By Woodrow Polston
Supporters of Anne’s Anchor packed the Knights of Columbus Hall in St. Clement last Thursday evening for the organization’s annual fundraising banquet.
VIP Guests were present from Bowling Green, Vandalia, Frankford, Louisiana and Eolia. Board member Ryan Daffron, who welcomed everyone to the event, said that the organization is important to his family.
“My wife, Heather, and I have a heart for babies and young mothers, so this organization is very near and dear to our hearts,” said Daffron. We support this effort to help young mothers any way that we can and we are glad to be here this evening,” he added.
Anne’s Anchor is located in Bowling Green and serves young mothers as an inclusive, not-for-profit organization funded by local individuals, businesses and churches. The staff is professionally trained and compassionate individuals, who are committed to serving women and their families.

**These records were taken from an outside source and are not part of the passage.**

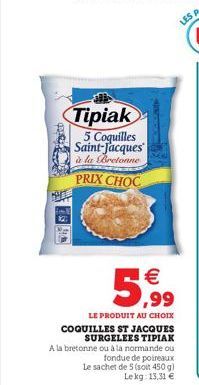 THE  Wh  Tipiak  5 Coquilles Saint-Jacques à la Bretonne PREX CHOC    ,99  LE PRODUIT AU CHOIX COQUILLES ST JACQUES SURGELEES TIPIAK  A la bretonne ou à la normande ou fondue de poireaux Le sachet de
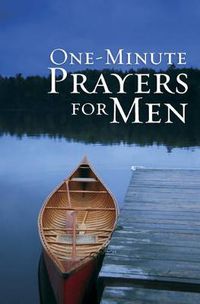 Cover image for One-Minute Prayers for Men Gift Edition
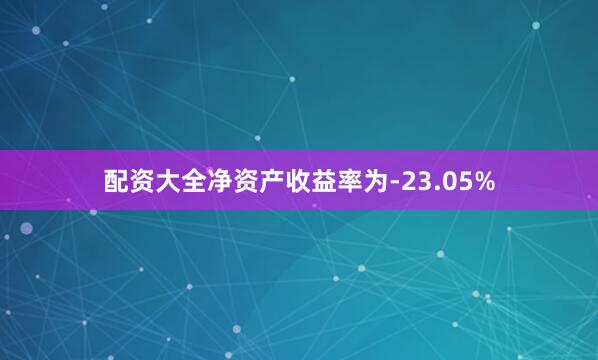 配资大全净资产收益率为-23.05%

During the banquet, several awards were presented before dinner, including Volunteer of the Year award, which went to Lindsey Kraft. Shelley Nacke was presented with the individual Donor of the Year award. Rev. Louis Dorn was present to ask the blessing on the food and evening. After dinner, Executive Director Georgia Hearn said that this was the second annual VIP banquet for Anne’s Anchor.
“This is our second year. The last year has flown by and one thing that I can say is that we have been truly blessed and all of the glory goes to God,” said Hearn. “According to the most recent census and population estimates, 16.6% of individuals living in Pike County are living in poverty. That means that 16.6% of our neighbors do not have enough money to meet their family’s most basic needs, including food, clothing and shelter. The largest demographic of that number are women ranging in age 18 – 24. Comparatively, Lincoln County’s poverty rate is currently only 9 percent. Pike County is considered a maternity dessert, which means that there is a lack of maternity care services. For individuals who cannot afford traveling, or do not have a license or vehicle, how are they supposed to get out of the county for maternity needs?” she asked.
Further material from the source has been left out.